- Genre: Wild swimming, Documentary, Series
- Created by: Julie Wilson Nimmo, Greg Hemphill
- Starring: Julie Wilson Nimmo, Greg Hemphill
- Country of origin: United Kingdom
- Original language: English
- No. of series: 3
- No. of episodes: 15

Production
- Running time: 30 minutes
- Production company: Solus Productions

Original release
- Network: BBC Scotland BBC iPlayer, BBC Two
- Release: 3 February 2024 – present

= Jules and Greg's Wild Swim =

British television series

Jules and Greg's Wild Swim is a Scottish television series about wild swimming for broadcast on BBC Two, BBC Scotland and its streaming service BBC iPlayer, featuring couple Julie Wilson Nimmo and Greg Hemphill.

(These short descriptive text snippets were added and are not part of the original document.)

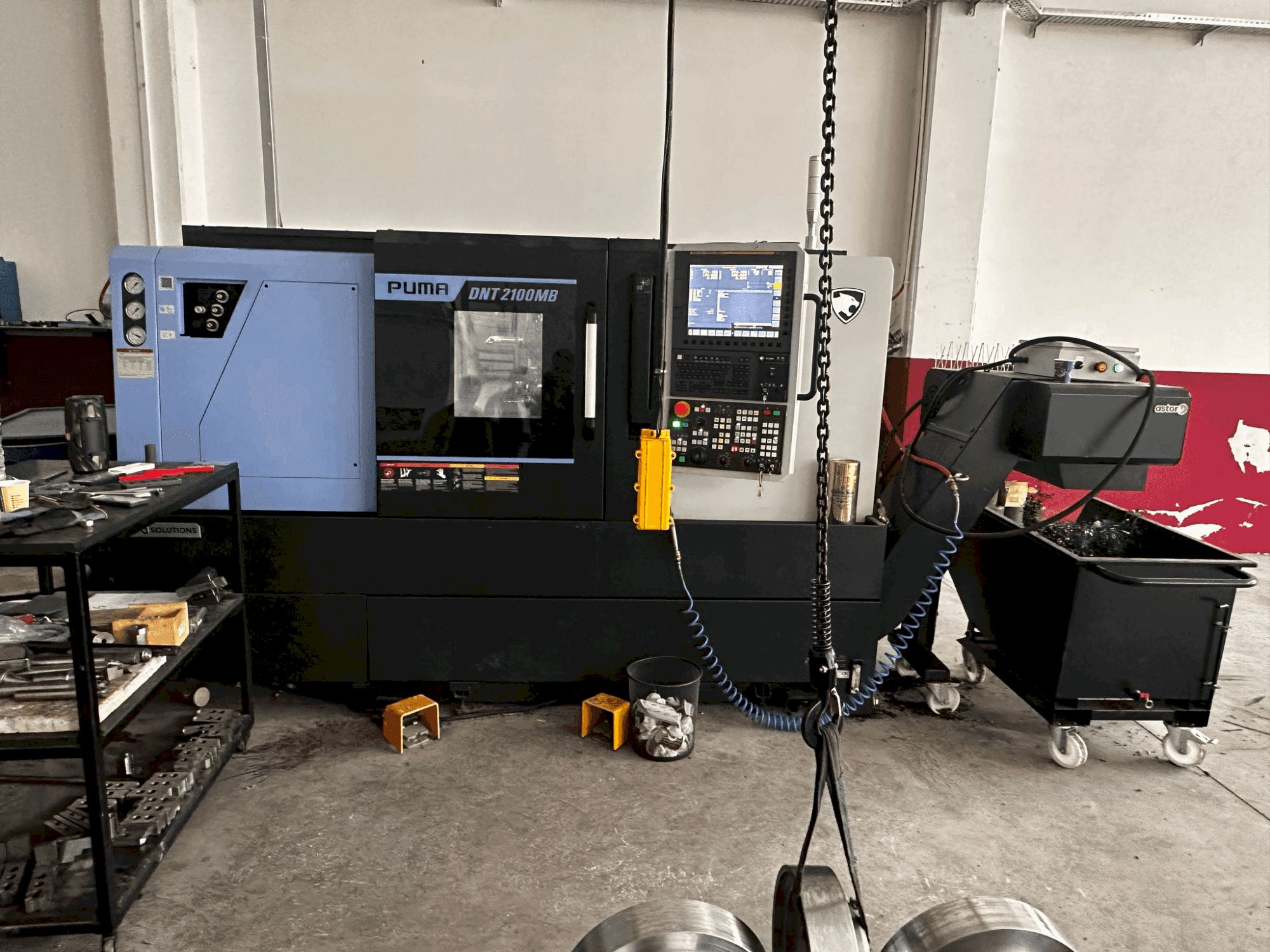 Vue de face de la machine DN SOLUTIONS Puma DNT2100MB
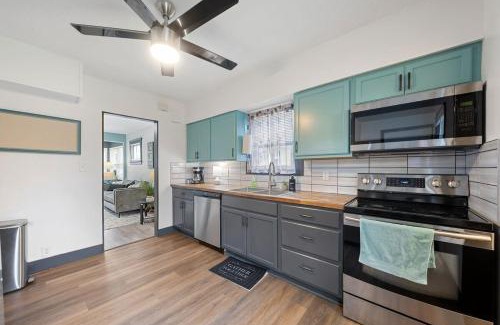 Westlake Apartment | Welcome to the Treasure house!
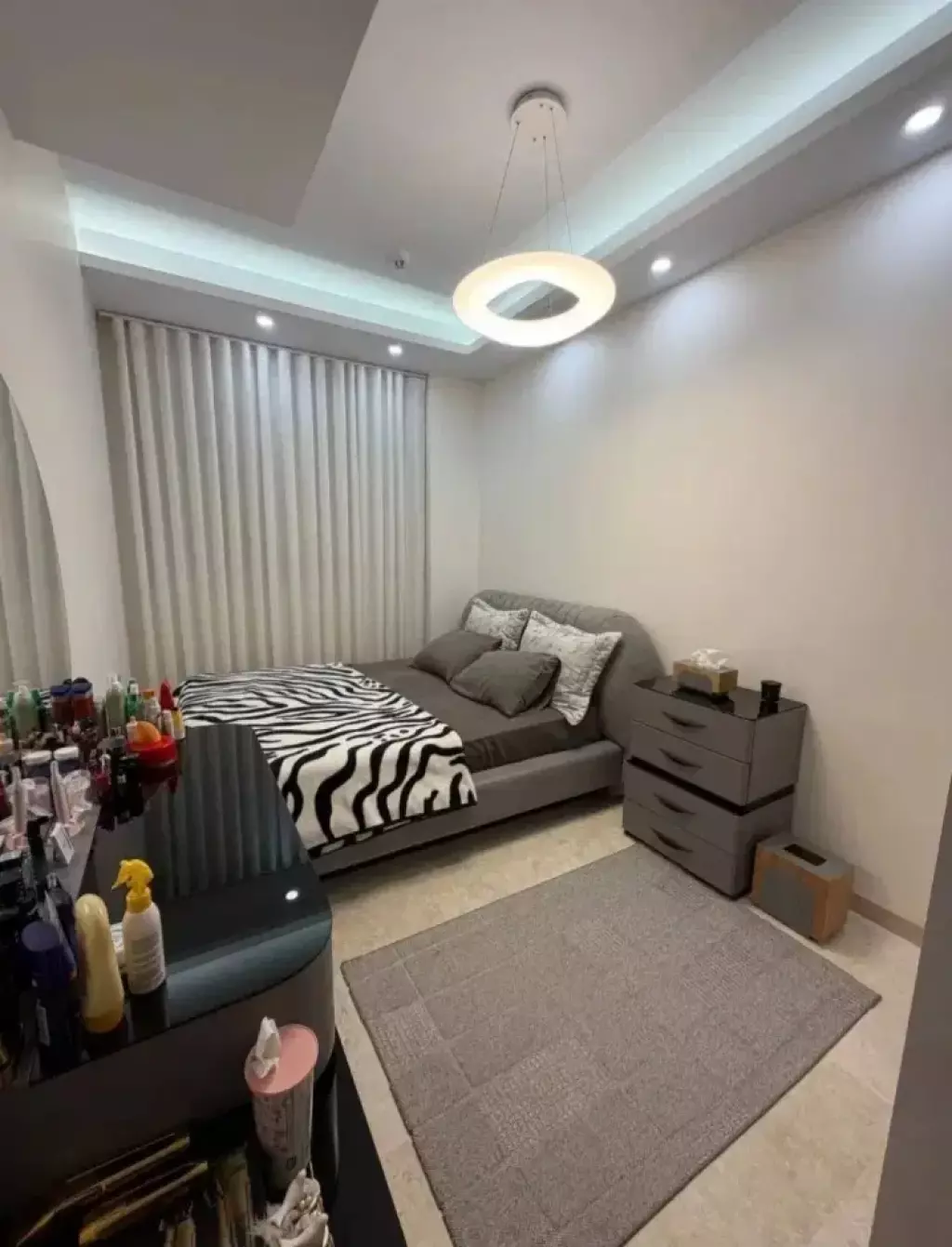 58مترتکخوابه نما گرانیت غرق نور سالن پرده خور - تصویر 2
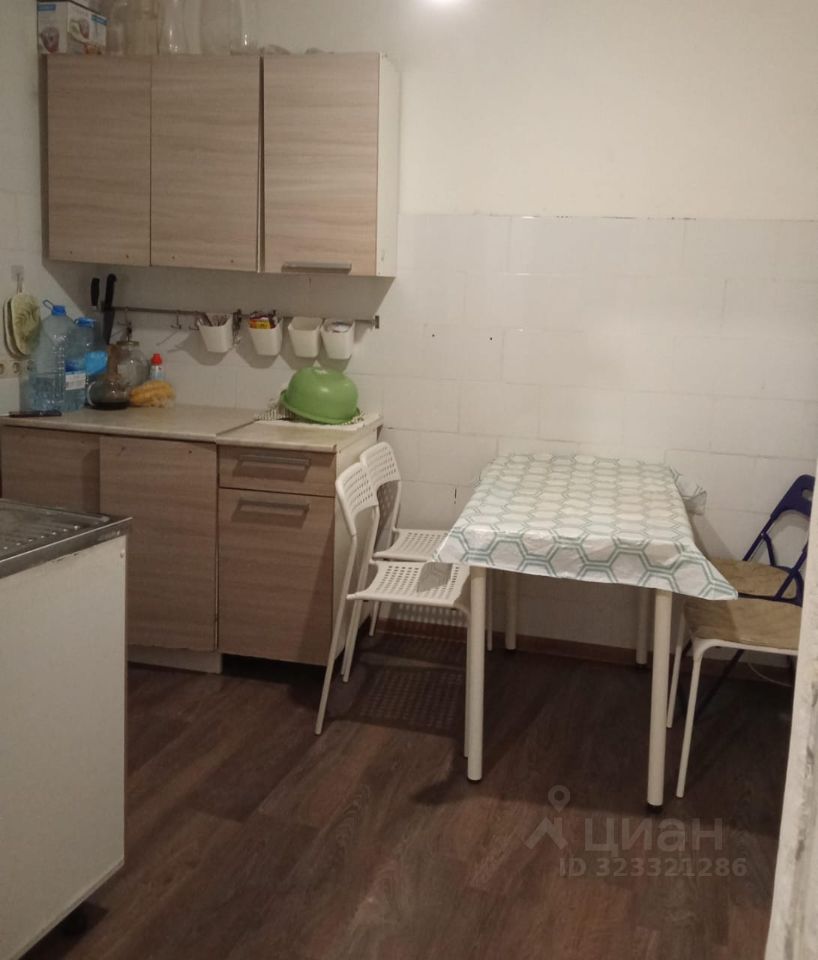 Продажа 2-комн квартиры на вторичном рынке Химки, улица Германа Титова, 3к1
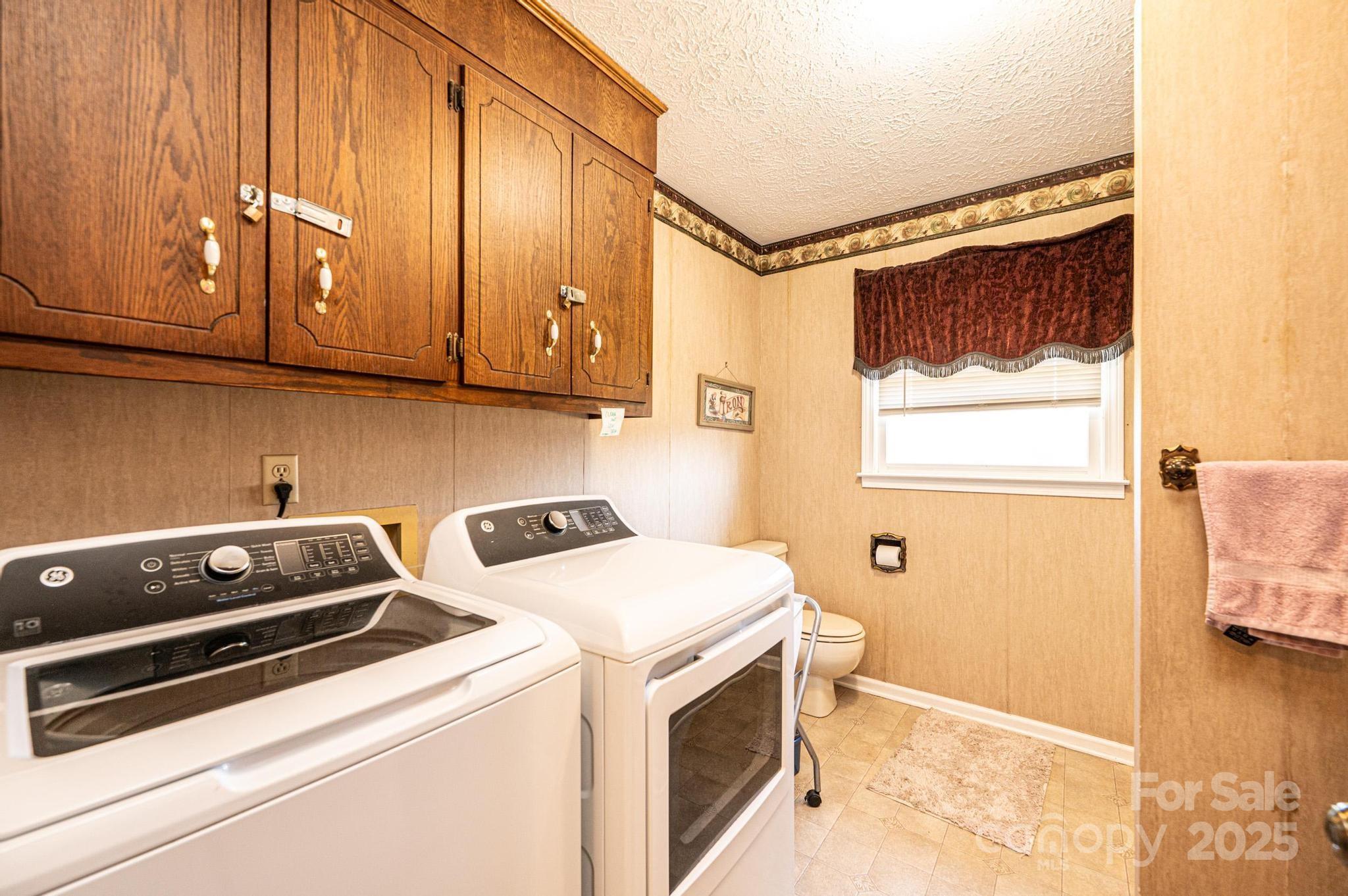 1221 Connelly Springs Road — Lenoir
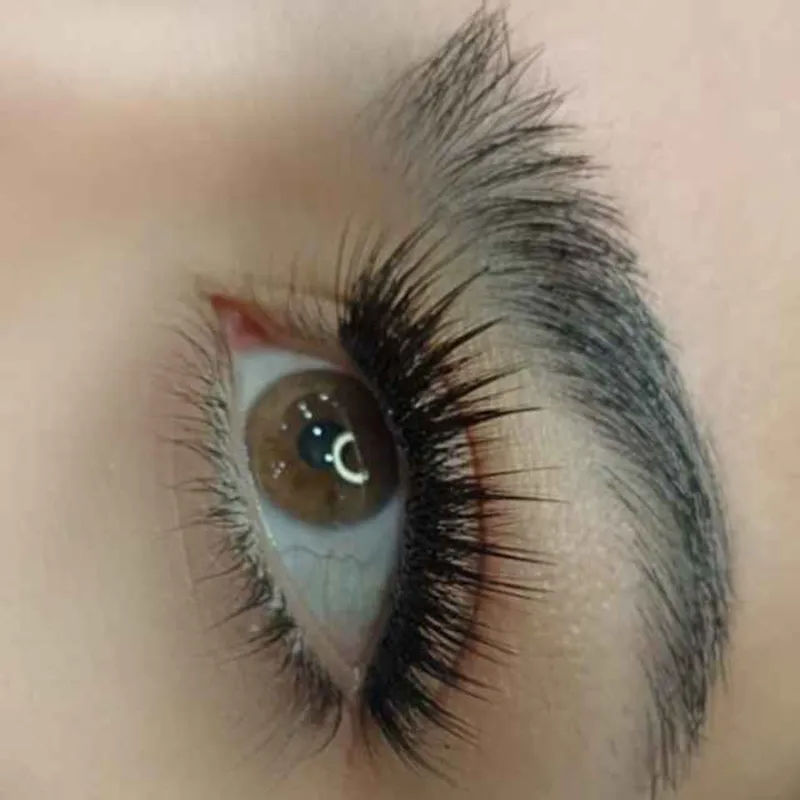 کاشت مژه موقت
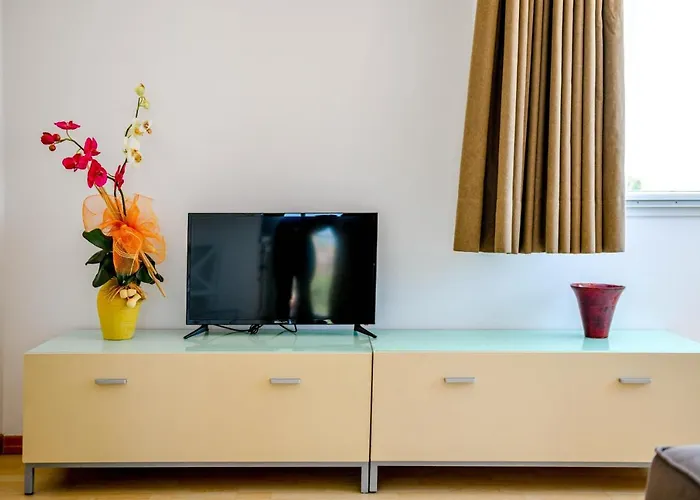 アパート Laura Charme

Jules and Greg's Wild Swim was produced by Solus Productions and Jim Webster.

==Plot==
The series follows Balamory star Julie Wilson Nimmo and Still Game co-creator and star Greg Hemphill as they take the plunge at Scotland's breathtaking and beautiful wild swimming spots, meeting swimmers who share their inspirational stories along the way.

In the final episode of series one, Nimmo returned to Tobermory, where Balamory was filmed.

==Filming and release==
Filming for series one took place across Scotland in the summer of 2023. It later aired on BBC Scotland channel and began streaming on BBC iPlayer in January 2024. Filming for series two took place again across Scotland in the summer of 2024. It is set to air in January 2025 on BBC Scotland channel and BBC iPlayer.

Series three aired in February 2026, focusing on the South of Scotland.

The show was later aired across England and Wales on BBC Two.